Now that I’ve been all serious and sincere, let me try to share my Easter Sunday with you all. All of you who’ve never been to a science fiction, horror, or fantasy convention let me explain about Sunday, the last day of the con. Most people have gotten little, if any sleep, and they have hundreds of miles of driving ahead of them, or planes to catch, and Monday morning starts day jobs again for most of them. We were beat because it was the fourth week on the road for us, so we’re just going to be tired, but if you don’t believe the dead can rise and walk again, be at a big convention on Sunday. The walking dead are everywhere. People who have dressed up all weekend are in jeans and t-shirts, mostly black with odd, or macabre slogans on them. Most wearing sunglasses, me included. So we slither and slink down to the hotel restaurant, and find that the hotel has an Easter brunch. Reservations only, everyone fresh from church, dressed in pink and bright pastels. There were easter bonnets in the room. People sitting at white clothed tables with bright center pieces of giant eggs, and bunnies. There was a costumed Easter bunny walking around scaring small children, and groggy con goers. The restaurant that had been dim and rather bar like all weekend suddenly glowed with color, and I fought he urge to scream, my eyes, my eyes. There were Easter lilies everywhere, to which I have a rather pronounced allergy.

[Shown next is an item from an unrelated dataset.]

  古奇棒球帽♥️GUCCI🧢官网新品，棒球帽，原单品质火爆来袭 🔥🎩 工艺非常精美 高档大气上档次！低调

The lavender lady at the little podium tried to turn my husband and I away, because we had no reservations. I explained that we were guests of the hotel and no one had told us there would be no breakfast on Sunday without reservations. She deigned to let us sit at the bar and go through the buffet. I explained I could not sit at the bar because of the smoke, and was informed that for today the restaurant was smoke free. It had been a freaking smoke hazard the rest of the weekend.

Jonathon saved our seats while I went through the buffet. Okay, first of all I am wearing black; black jeans, black boots, black t-shirt. The t-shirt reads, “But soft what light through yonder window breaks? It is the east and Juliet is AAAAHHHHH The Sun!!! *FOOM* … Vampire Theater.” I thought it was funny. I am wearing sunglasses because my allergies make my eyes like sensitive, and occasionally I get light induced migraines. So I’m in line with all the bright, happy, pastel people. I looked like I’d crashed their party. They’re looking at me out of the corners of their eyes, and they have no idea what to make of me. Then I see the ice sculpture. It’s a giant bunny on it’s hind legs, rearing above us all with it’s front paws stretched outward like Frankenstien’s monster. It had already begun to melt, and heavy droplet of water dripped, dripped, from it’s outstretched limbs. I stood in the line of happy Easter people and stared up at that dripping bunny, and wondered how many small children had run screaming. I know it was the most frightening thing I saw all weekend.